Posted in General Health 12 Mar, 2015

The comedian Bill Hicks said 'wouldn't you like to see a positive LSD story on the news? To base your decision on information, rather than scare tactics and superstition. Wouldn't that be interesting, just for once?'

Many people associate LSD with hippies suffering decades of paranoia and flashbacks due to psychedelic abuse. The UN classified LSD as schedule 1, which translates to a dangerous substance with no health benefits.

However, the tide has swiftly been turning in favour of an evidence-based approach when it comes to drug policy. Drugs have been decriminalised in Portugal, which was in turn followed by a dramatic fall in addiction rates.

There has also been progress in the use of some drugs for treatment purposes, with certain states in the US legalising cannabis for medical use. They argued that cannabis provided effective pain relief without the potential side effects and addiction risks caused by some of the existing medications.

For many years, leading health experts in the UK have also called for a new approach on how our society views the use of illegal drugs as possible treatment alternatives. So far, these calls have been limited to professionals within the health community, with only the Liberal Democrats stating a desire to reform the UK's drug policy.

This issue was put into the spotlight when Professor David Nutt, the government's then drug adviser, stated that the way the UK categorises illegal drugs needs to drastically change.
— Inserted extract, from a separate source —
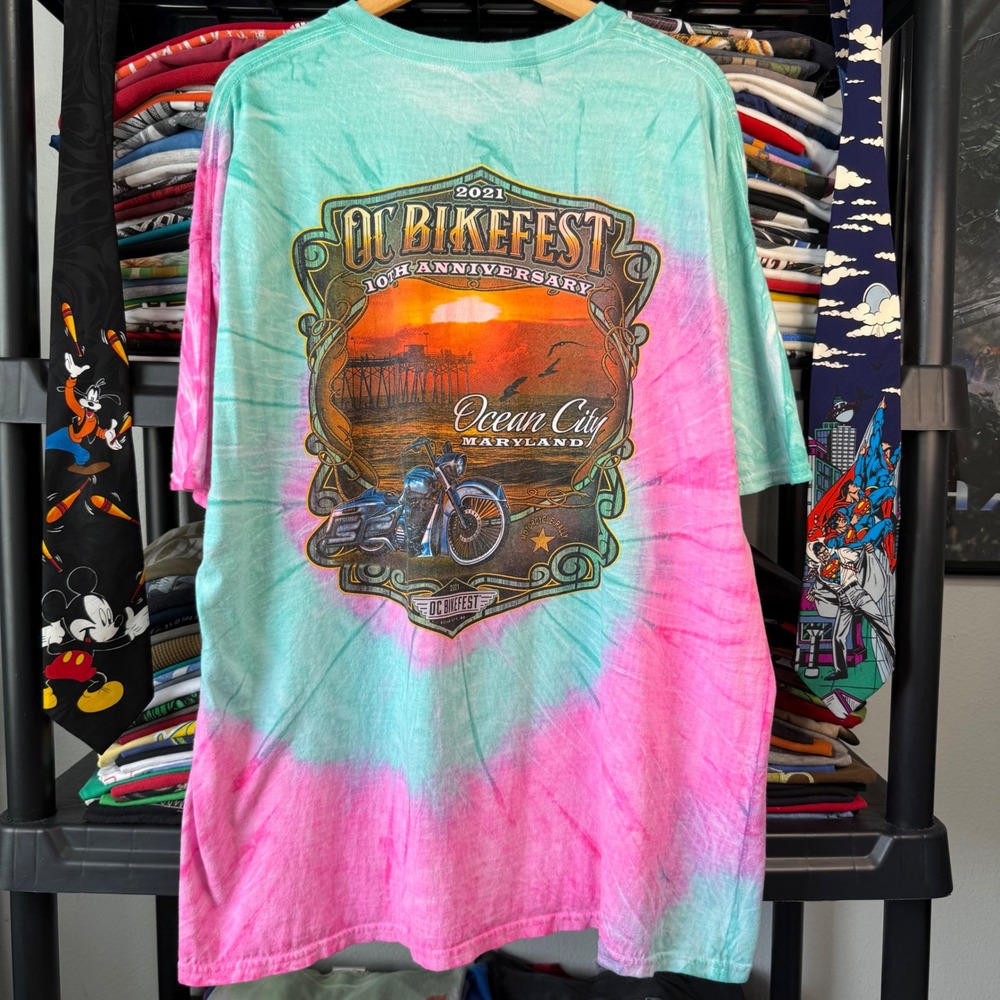Modern Pink Teal OC BikeFest 10th Anniversary Ocean City Maryland T-Shirt 3XL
He stated that the potential of some drugs as a tool for treatment was being undermined by the current dogmatic approach taken by the government.

The furore created led to David Nutt's departure from the government in a high-publicised split. However, since these events occurred, the treatment potential of certain illegal drugs has been given renewed focus.

Many health experts now agree that the treatment potential of a number of illegal substances should be properly researched, and that denying sufferers viable and effective treatment options based on preconceived ideas created by the war on drugs is not just illogical but also immoral.

One area that Professor Nutt has focused on is the use of psychedelic drugs in the treatment of depression. He states that the classification of psychedelic drugs as harmful and illegal is 'one of the most effective examples of disinformation in the history of mankind'.

According to recent studies by the neuroscience department of the Norwegian University of Science and Technology, there is no link between the use of psychedelics and mental illness. However, more importantly, they found that the use of psychedelics actually reduced the risk of someone developing mental conditions.

No health expert is advocating the free use of powerful mind-altering psychedelic substances, but the evidence does at least suggest that the use of psychedelics as a treatment option for mental disorders should at least be researched properly.